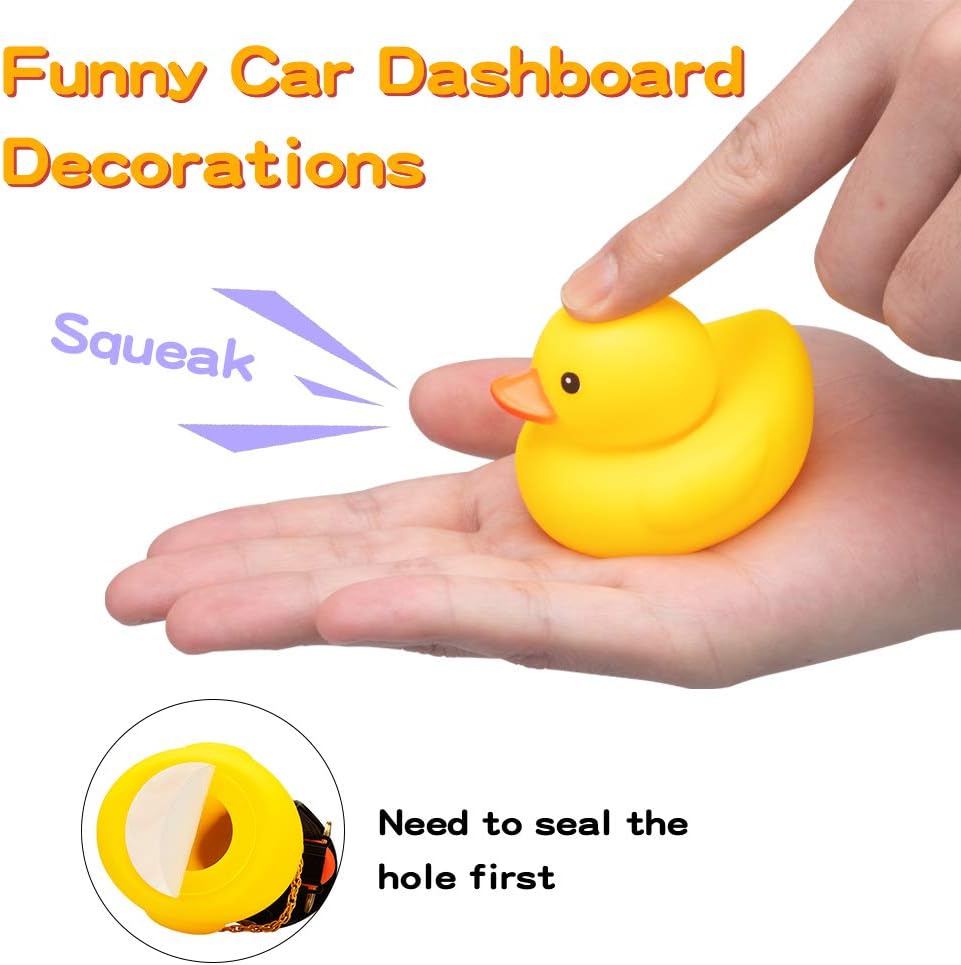 Yellow Duck Car Dashboard Decorations with Propeller Helmet for Christmas Decor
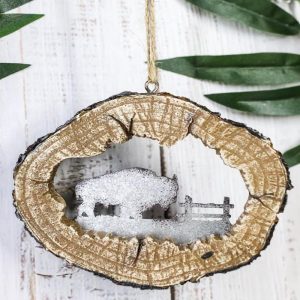 Rustic Western Bison Buffalo Faux Wood Log Set of 4 Christmas Tree Ornaments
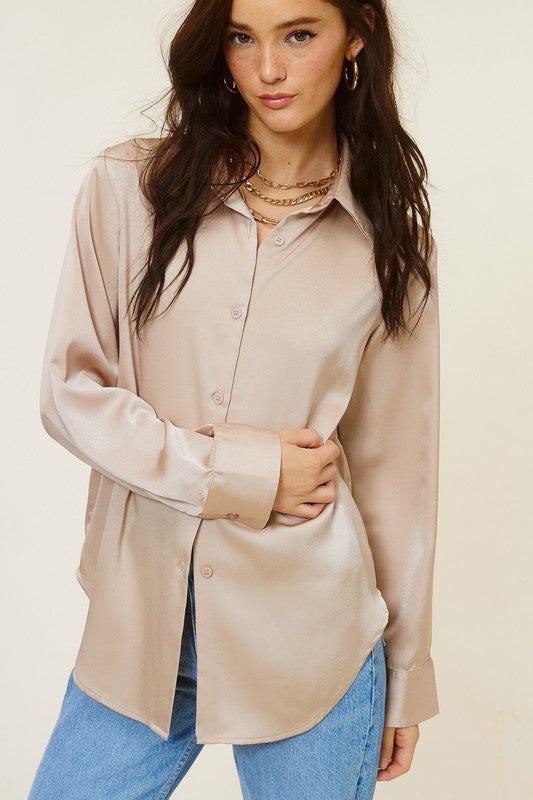 Satin Button Down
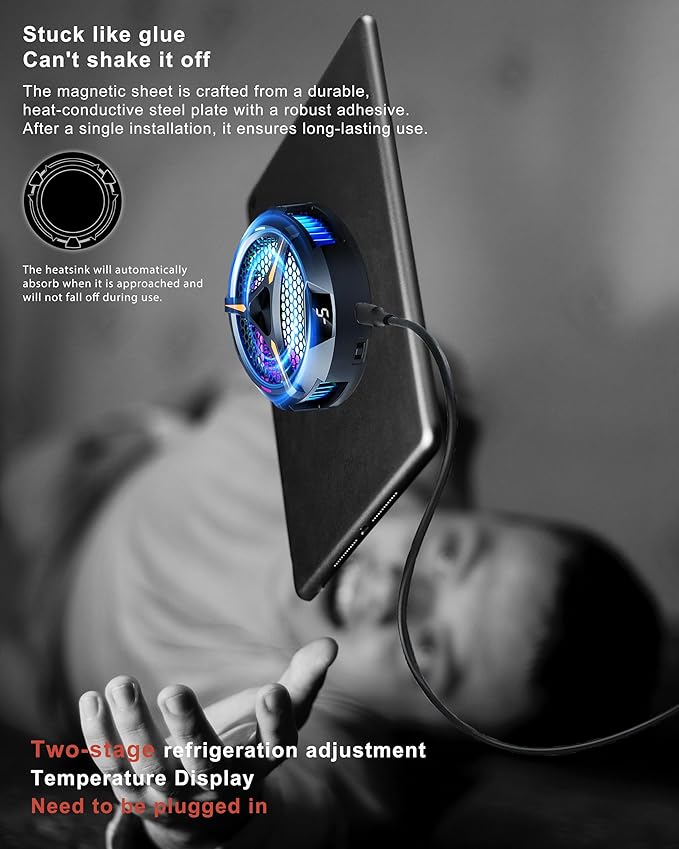 iPad CoolerMagnetic Tablet Cooler for ipad/Surface pro/Samsung Tab/Steam DeckIpad Cooling Fan with Temperature Monitor LED Gaming Light for Mobile GamingTiktok Live Streaming Black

--- EXERCISE ---
Everything above except the pictures needs to be reproduced exactly.

--- ANSWER BOX ---
 Yellow Duck Car Dashboard Decorations with Propeller Helmet for Christmas Decor
 Rustic Western Bison Buffalo Faux Wood Log Set of 4 Christmas Tree Ornaments
 Satin Button Down
 iPad CoolerMagnetic Tablet Cooler for ipad/Surface pro/Samsung Tab/Steam DeckIpad Cooling Fan with Temperature Monitor LED Gaming Light for Mobile GamingTiktok Live Streaming Black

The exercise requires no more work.